0x01da48ec in ?? () from /lib/i386-gnu/libc.so.0.3
3: runtime_sched.gcount = 2
2: __pthread_total = 2
1: runtime_sched.mcount = 2
(gdb) continue
... (output omitted by me for brevity)
[DEBUG] (in runtime_newm) Right before the call to pthread_create.
a.out: ./pthread/pt-create.c:167: __pthread_create_internal: Assertion `({ mach_port_t ktid = __mach_thread_self (); int ok = thread->kernel_thread == ktid;
__mach_port_deallocate ((__mach_task_self + 0), ktid); ok; })' failed.
[New Thread 629.31]
Program received signal SIGABRT, Aborted.
0x01da48ec in ?? () from /lib/i386-gnu/libc.so.0.3
3: runtime_sched.gcount = 3
2: __pthread_total = 2
1: runtime_sched.mcount = 3
Oh my goodness. From a first glance, this seems to be a very serious inconsistency between libpthread and the goruntime.
At this point, the go scheduler reports 3 threads (3 registered threads, that means
that flow of execution has passed mcommoninit
, the kernel thread initialisation function
which also registers the kernel thread with the runtime_scheduler) whereas libpthread reports 2 threads.

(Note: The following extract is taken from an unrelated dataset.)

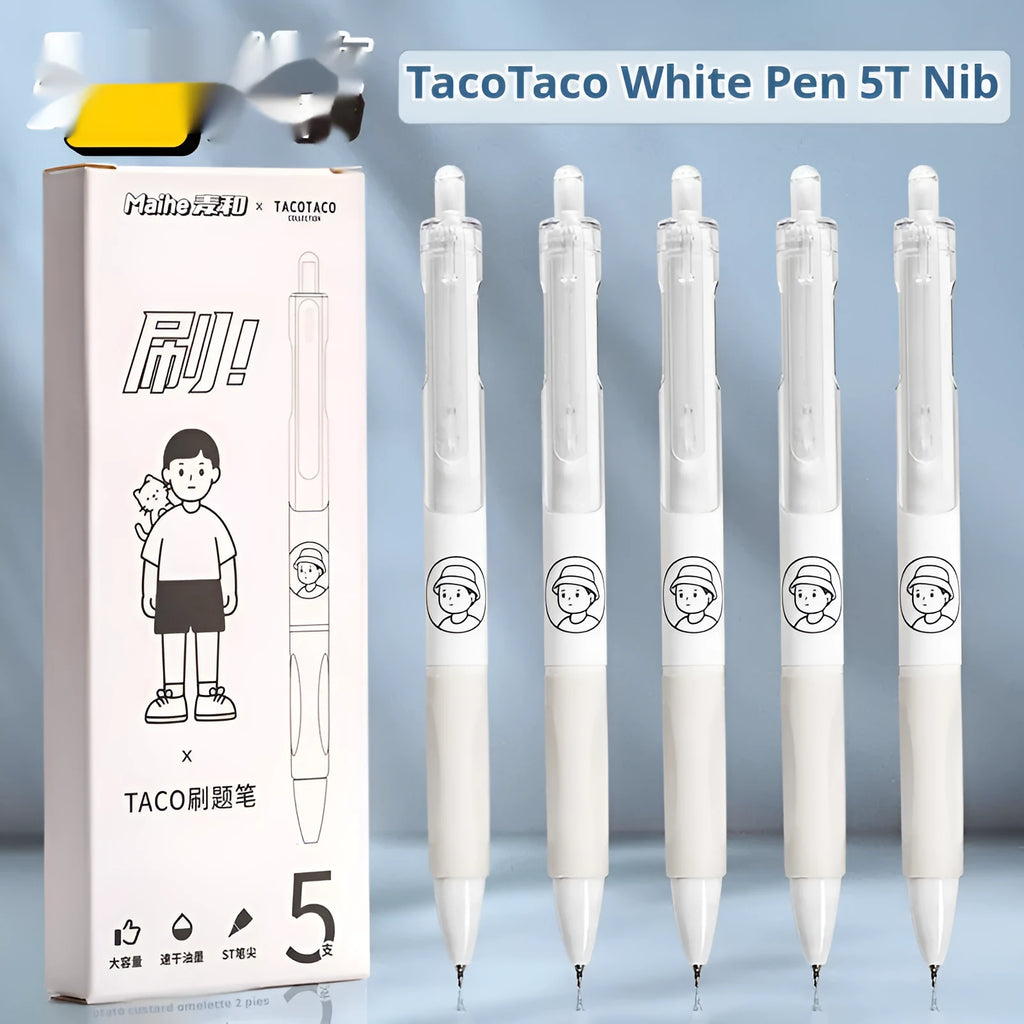 Five white plastic ballpoint pens with 0.5mm black ink tips arranged together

But WAIT! Where are you going? Things are about to get even more interesting!
(gdb) info threads
Id Target Id Frame
7 Thread 629.31 0x01f4da00 in entry_point () from /lib/i386-gnu/libpthread.so.0.3
6 Thread 629.30 0x01da48ec in ?? () from /lib/i386-gnu/libc.so.0.3
5 Thread 629.29 0x01da48ec in ?? () from /lib/i386-gnu/libc.so.0.3
*4 Thread 629.28 0x01da48ec in ?? () from /lib/i386-gnu/libc.so.0.3
GDB reports 4 threads. Yes, 4 threads ladies and gentlemen. Now take a look closely.
3 threads are in the same frame, with the one with id 4 being the one currently executed.
And there is also a pattern. 0x01da48ec
is the value of the eip
register for all 3 of them.
That’s one thing that is for certain. Now I already have an idea. Why not change the current thread to the one with id 7? I’m sold to the idea, let’s do this:
(gdb) thread 7
[Switching to thread 7 (Thread 629.31)]
#0 0x01f4da00 in entry_point () from /lib/i386-gnu/libpthread.so.0.3
(gdb) continue
Continuing.
Program received signal SIGABRT, Aborted.
[Switching to Thread 629.28]
0x01da48ec in ?? () from /lib/i386-gnu/libc.so.0.3
3: runtime_sched.gcount = 3
2: __pthread_total = 2
1: runtime_sched.mcount = 3
(gdb) info threads
Id Target Id Frame
7 Thread 629.31 0x01dc08b0 in ?? () from /lib/i386-gnu/libc.so.0.3
6 Thread 629.30 0x01da48ec in ?? () from /lib/i386-gnu/libc.so.0.3
5 Thread 629.29 0x01da48ec in ?? () from /lib/i386-gnu/libc.so.0.3
*4 Thread 629.28 0x01da48ec in ?? () from /lib/i386-gnu/libc.so.0.3
Damn. But I am curious. What’s the next value to be executed?
(gdb) x/i $eip
=> 0x1da48ec: ret
And what is the next value to be executed for the thread with id 7?
(gdb) x/i $eip
=> 0x1dc08b0: call *%edx
Conclusion
Apparently, there is still much debugging left to checkout what is really happening. But we have got some leads in the right direction, that hopefully will lead us to finally finding out where the problem lies, and correct it.
Most importantly, in my immediate plans, before iI start playing around with libpthread is to attempt the same debugging run on the same code, under linux (x86). Seeing as go is clean on linux, it would provide some clues as to what the expected results should be, and where the execution differentiates substantially, a clue that might be vital to finding the problem.